## INFORMATION SHOWN
* * *
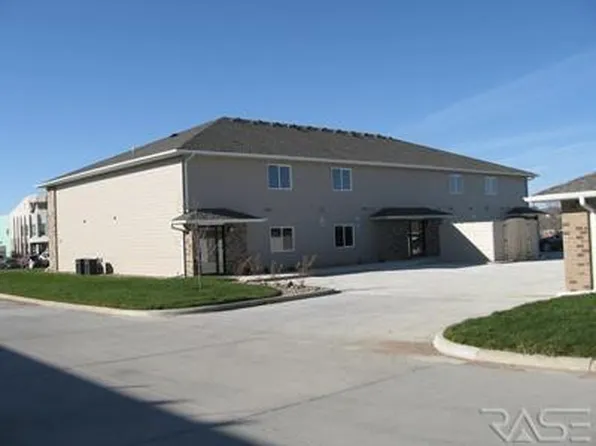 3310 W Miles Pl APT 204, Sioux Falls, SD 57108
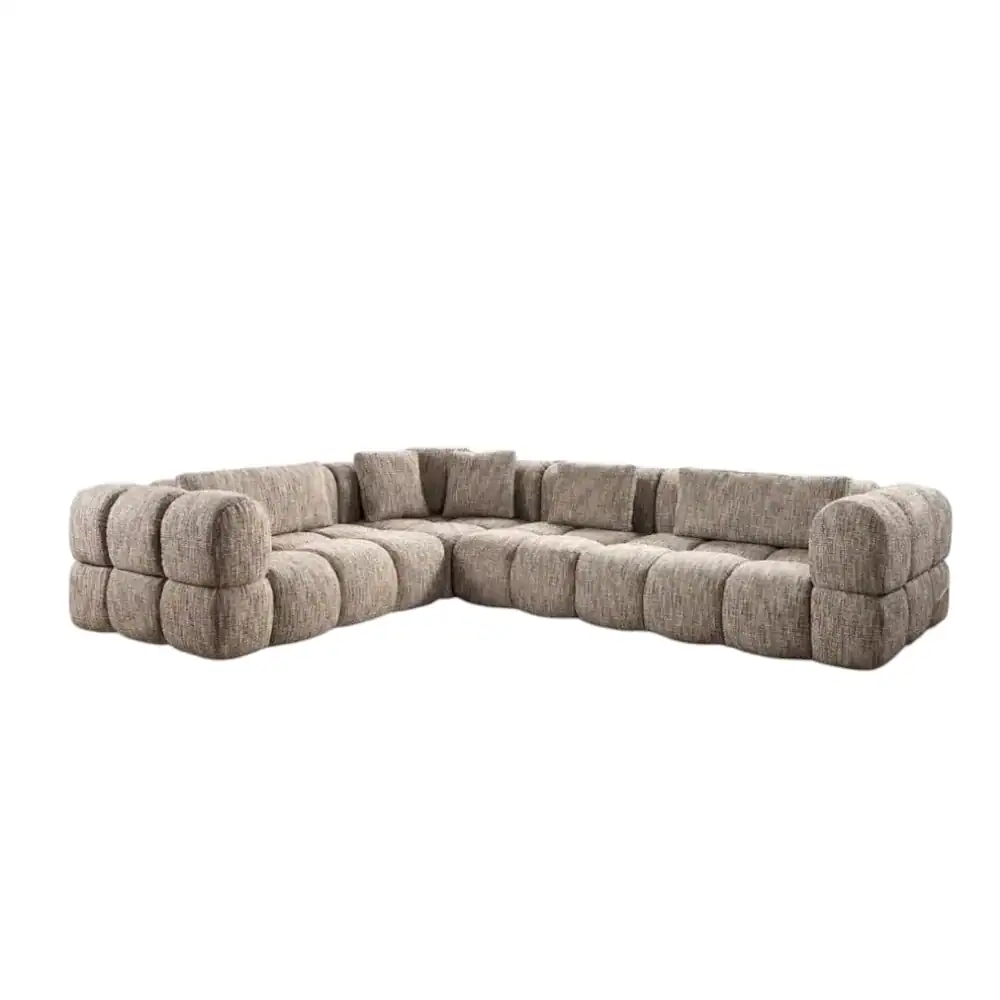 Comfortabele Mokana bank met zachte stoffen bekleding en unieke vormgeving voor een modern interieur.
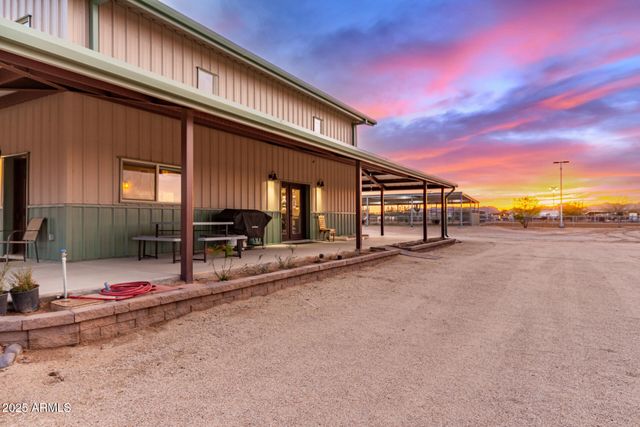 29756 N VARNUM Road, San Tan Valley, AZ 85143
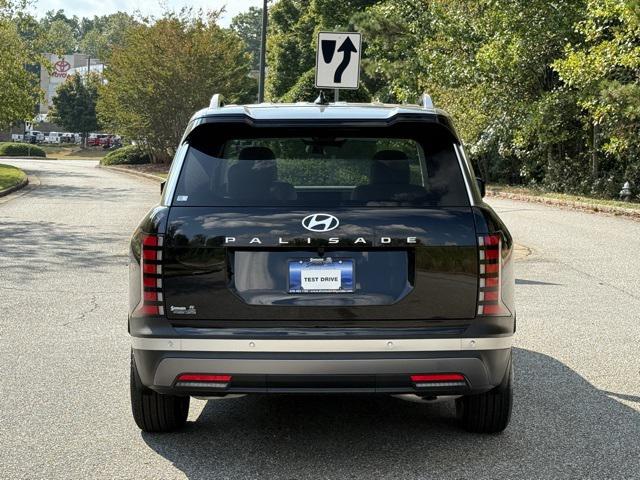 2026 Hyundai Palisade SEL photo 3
* * *
Whenever you reach a picture, pass over it; print all the other material exactly.

 3310 W Miles Pl APT 204, Sioux Falls, SD 57108
 Comfortabele Mokana bank met zachte stoffen bekleding en unieke vormgeving voor een modern interieur.
 29756 N VARNUM Road, San Tan Valley, AZ 85143
 2026 Hyundai Palisade SEL photo 3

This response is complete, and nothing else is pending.